Eisenberg was born in Queens and grew up in suburban New Jersey, where he started acting, he says, as an antidote to the misery of school. At twelve, he made his Broadway debut in Tennessee Williams’s Summer and Smoke as the boyhood self of Harry Hamlin’s character, and at thirteen, he understudied the role of Young Scrooge in a musical version of A Christmas Carol starring Tony Randall. “It’s amazing how casting directors can predict so incorrectly the way someone is going to turn out,” Eisenberg says. He started writing screenplays at sixteen and attributes his current desire to write roles for himself, at least in part, to the twin influences of his father, a professor of social psychology, and his mother, a birthday-party clown.

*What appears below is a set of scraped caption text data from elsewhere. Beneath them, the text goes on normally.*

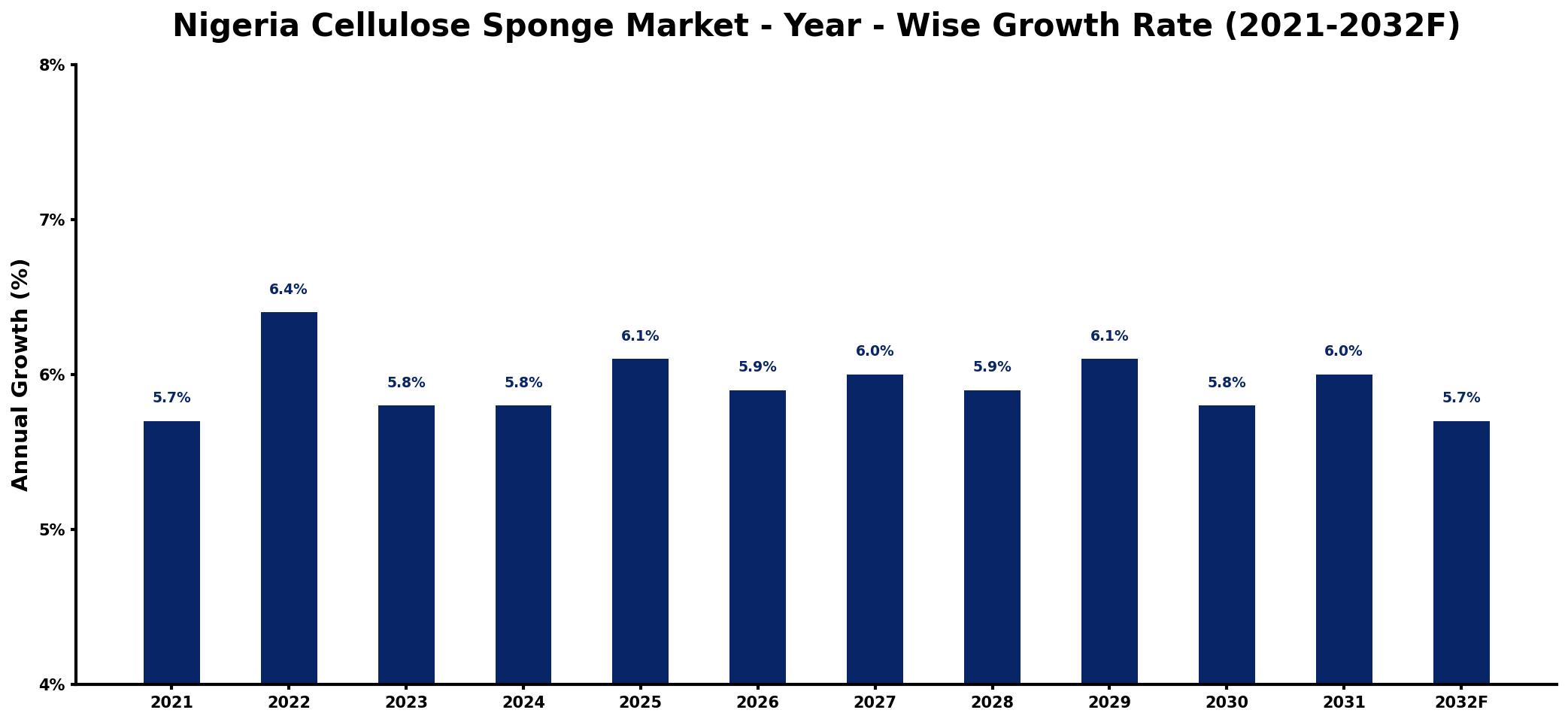 Nigeria Cellulose Sponge Market Year-wise Growth Rate and Key Drivers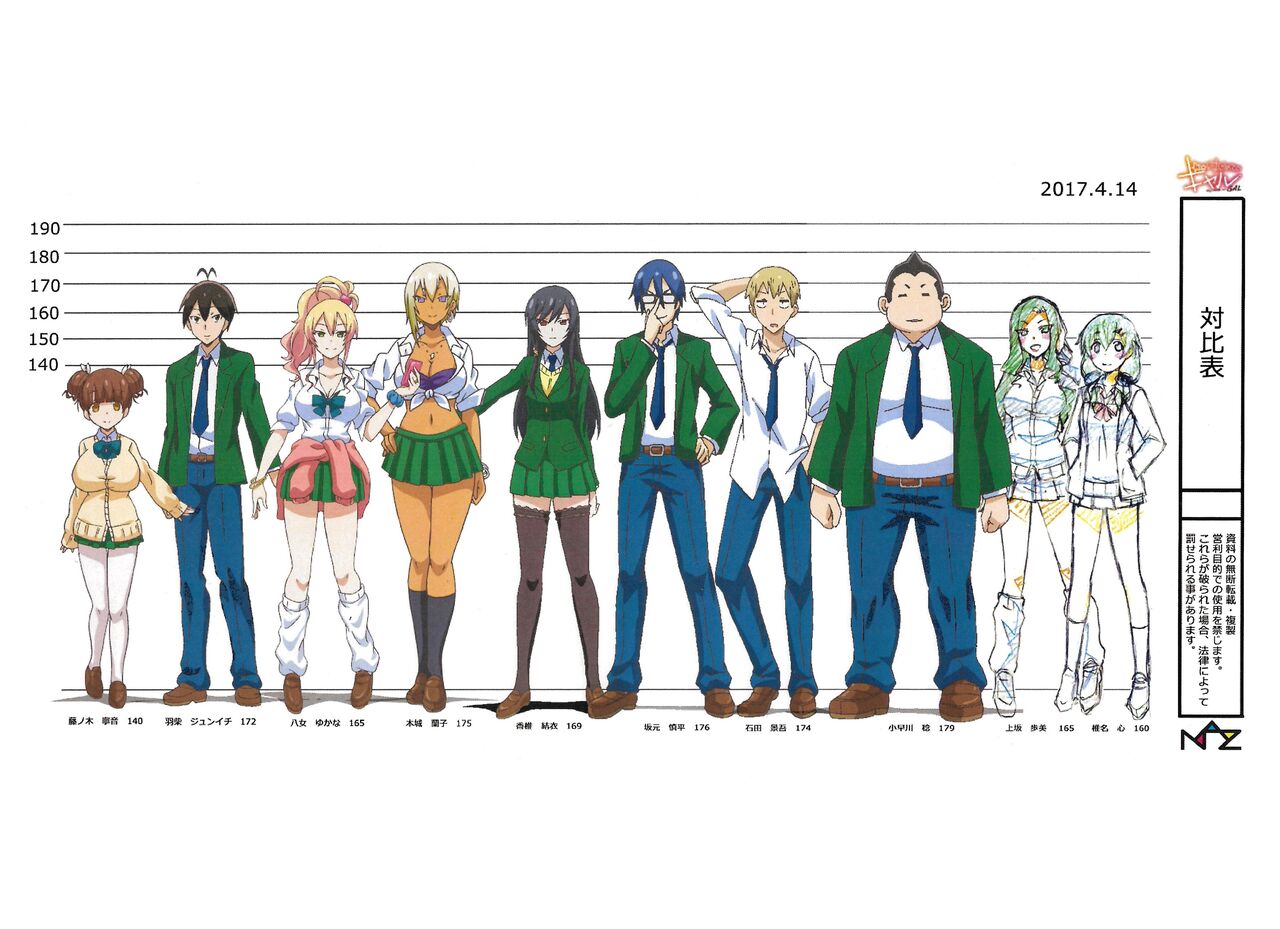 Hajimete no Gal Settei page 2 full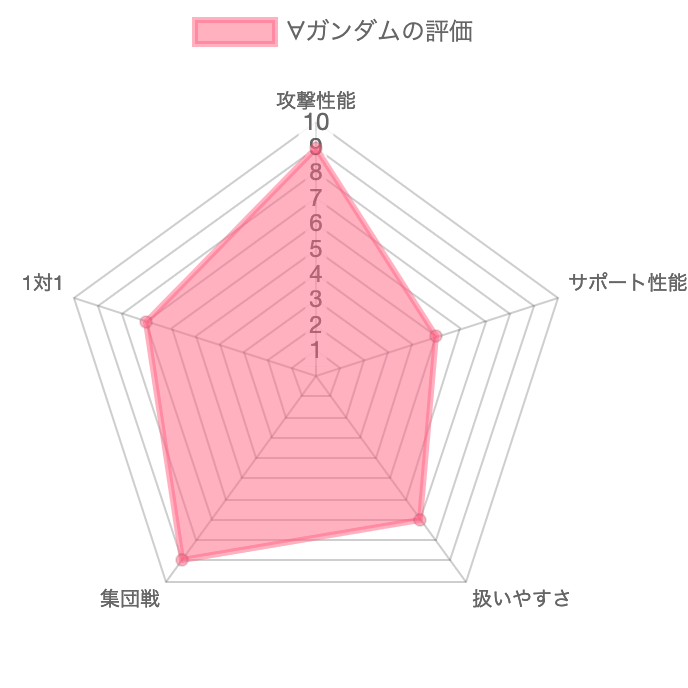 ∀ガンダムの評価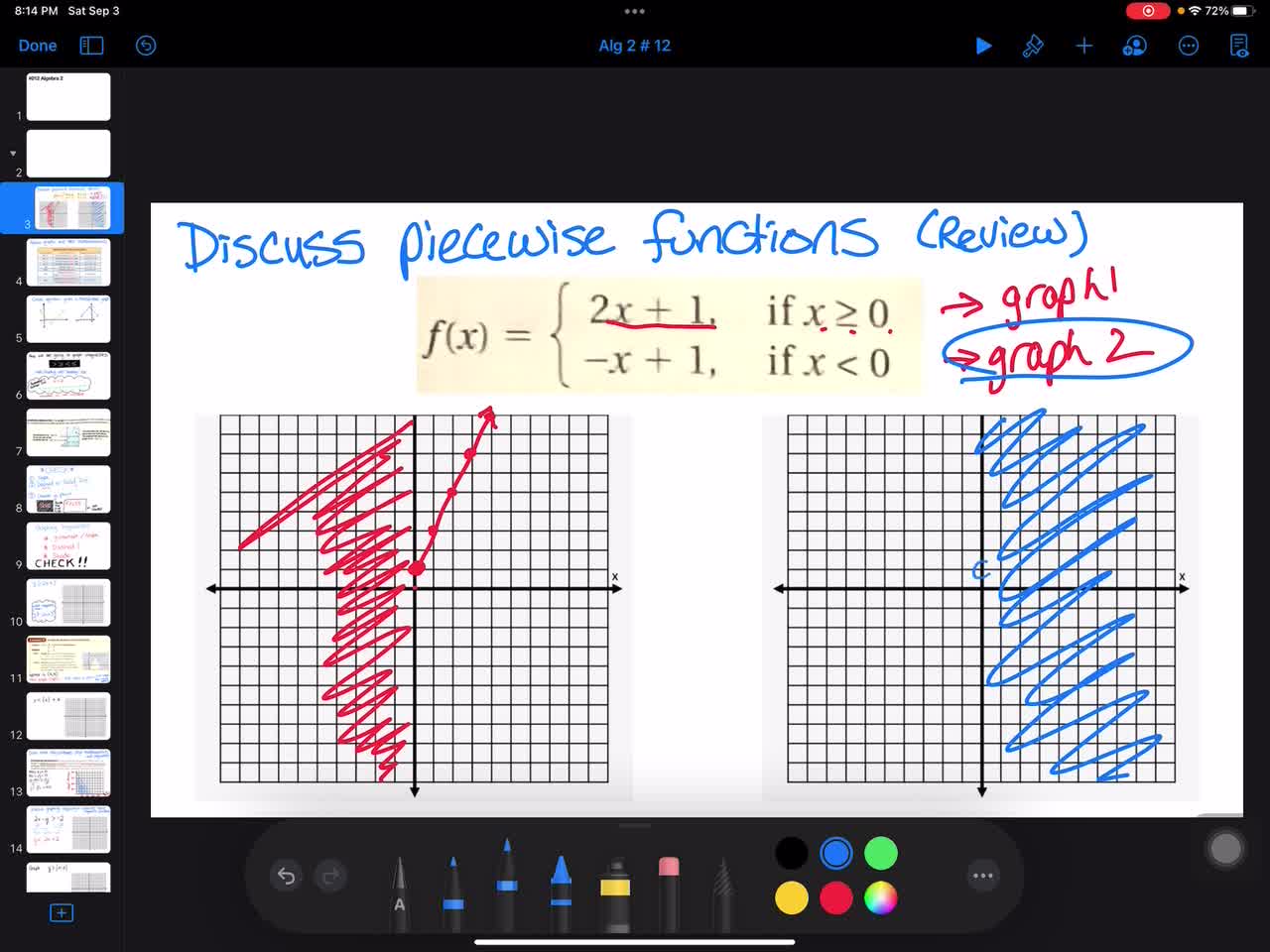 012 Algebra 2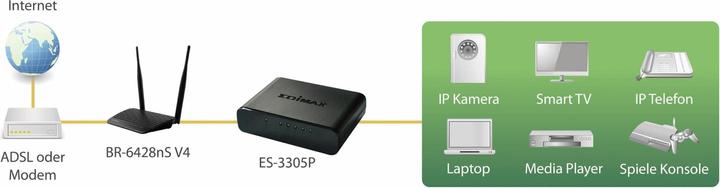 Produktbild edimax Es-3305p V3 (5 Ports)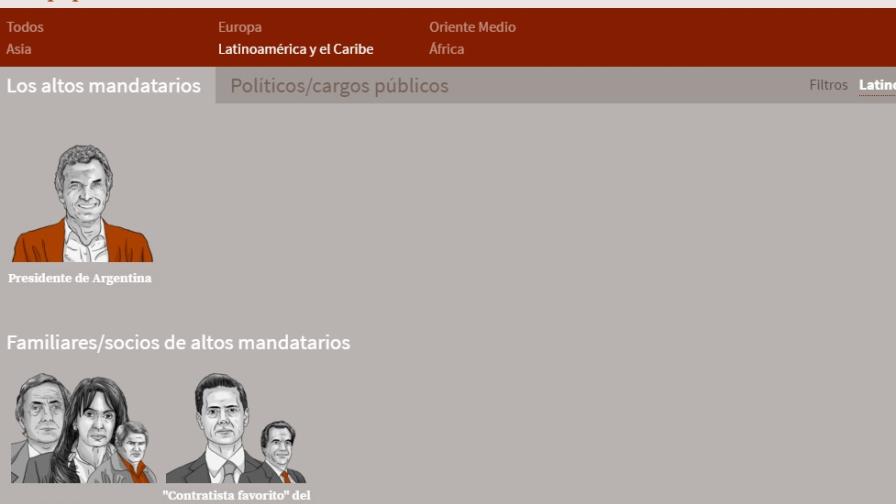 Desde narcos hasta un presidente: latinoamericanos en los “Papeles de Panamá”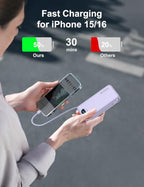 20000mAh Ultra Portable Charger Power Bank with inBuilt Cables&AC Wall Plug (Purple-20Ah)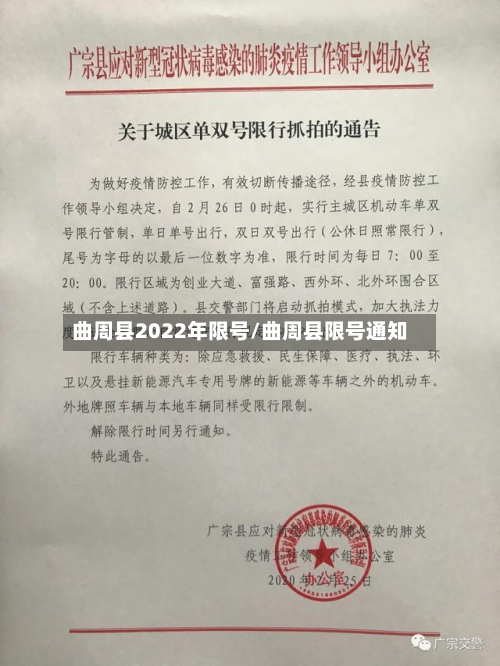 曲周县2022年限号/曲周县限号通知-第1张图片
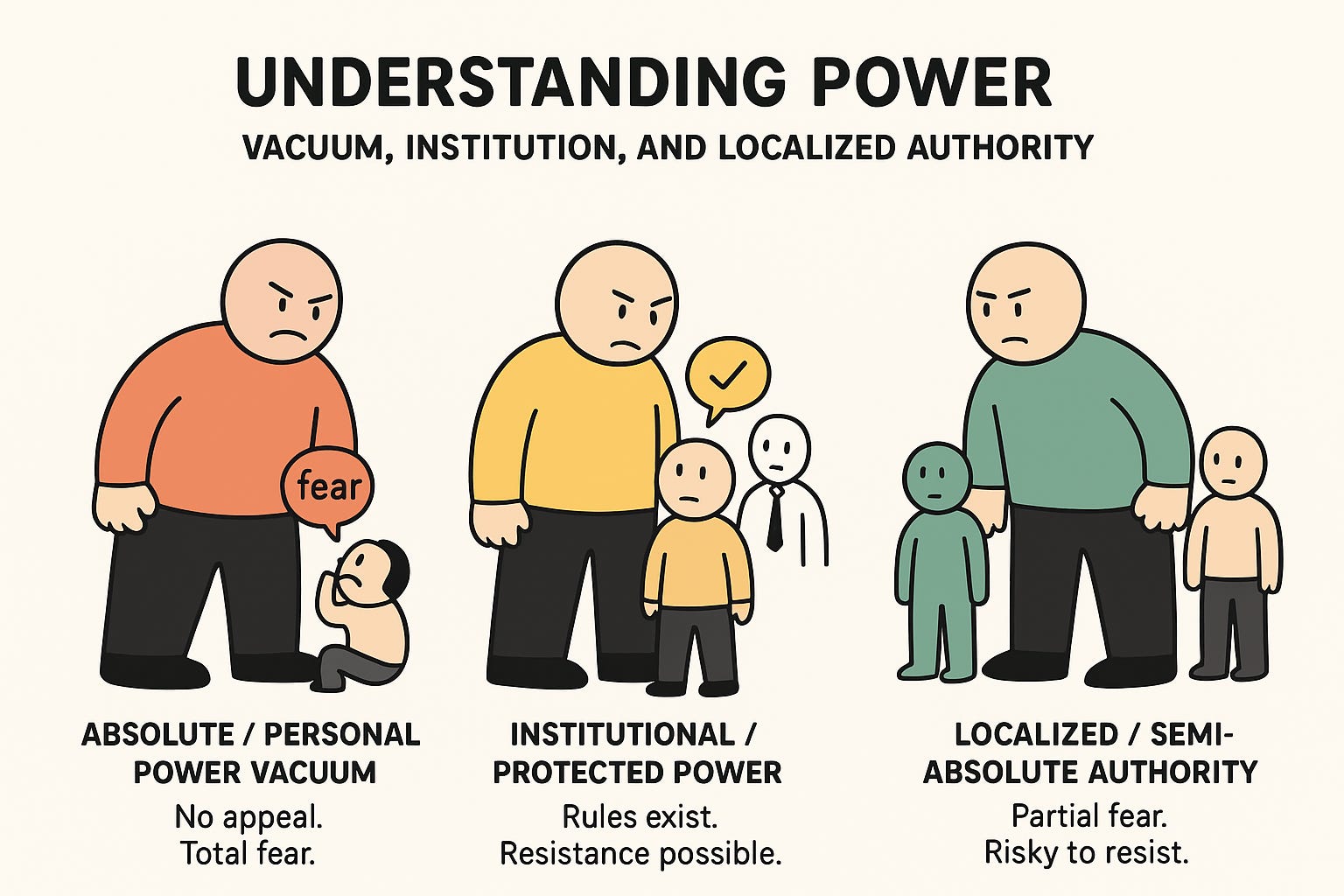 Three Situations of Power - WILL TELL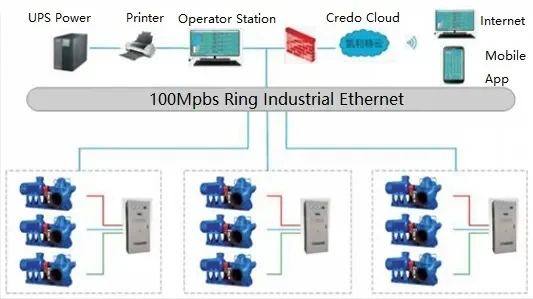Collocation Maintenance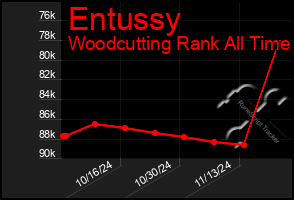 Total Graph of Entussy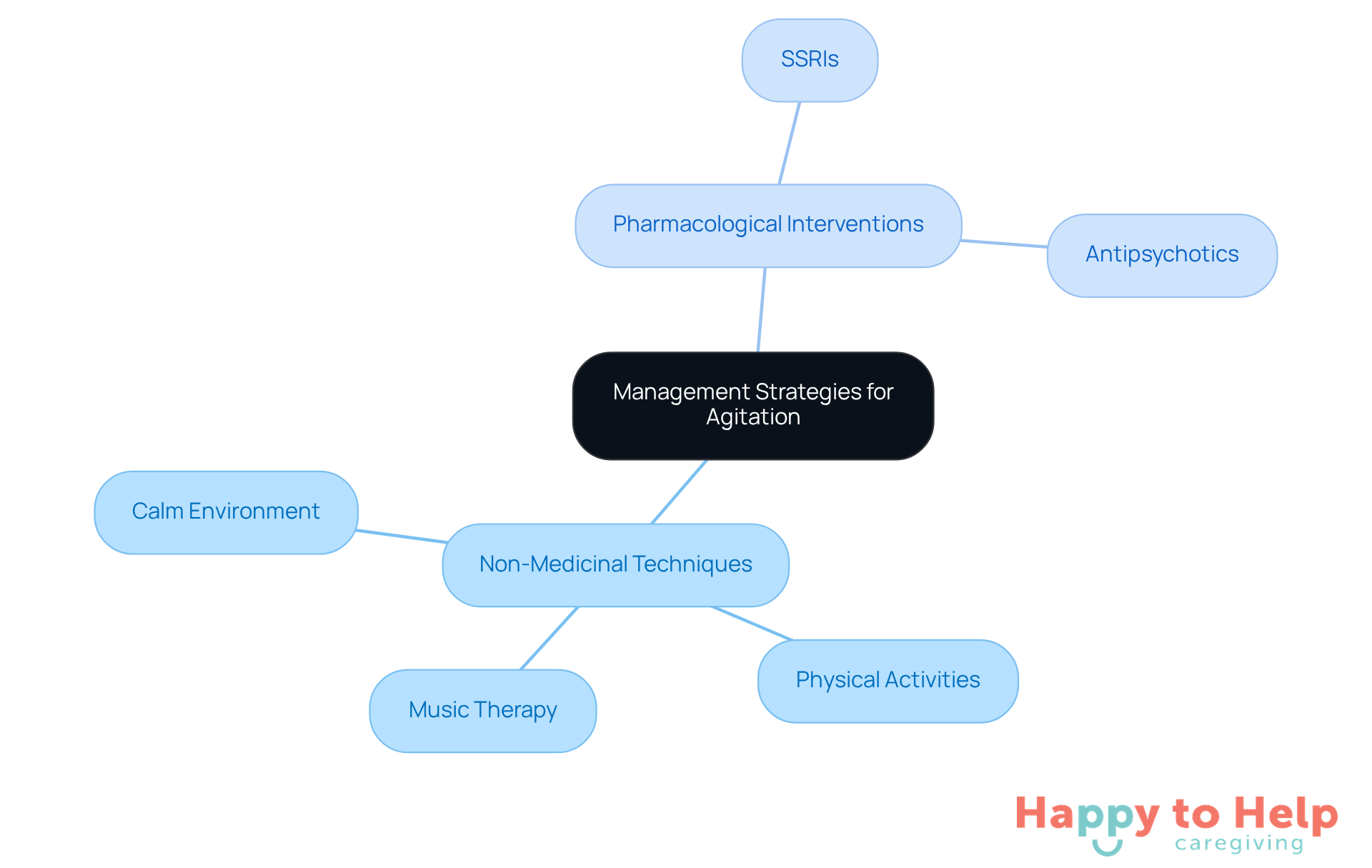 The central node represents the overall topic, while the branches show different strategies. Each color-coded branch helps you quickly identify whether the approach is non-medicinal or pharmacological, along with specific techniques or medications.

Eisenberg lives downtown with his girlfriend and a rotating cast of rescue cats and says he based his character partially on himself, including his disdain for American popular culture, an attitude that he describes as “really insincere and kind of pretentious because I totally rely on it for my living.” Still, Eisenberg says that Edgar is more of a caricature—his professed anatomical inadequacies, he is quick to point out, are “not autobiographical,” and the character’s lethal passivity is clearly not his own. “He feels that as long as he doesn’t do anything wrong, then he doesn’t have to feel guilty, so he decides that he’s never going to do anything at all—he’s never going to feel happiness, he’s never going to have any kind of romantic relationship, he won’t even, uh, pleasure himself, because he’s too self-hating and miserable,” Eisenberg says. “But it’s, you know, played for laughs.”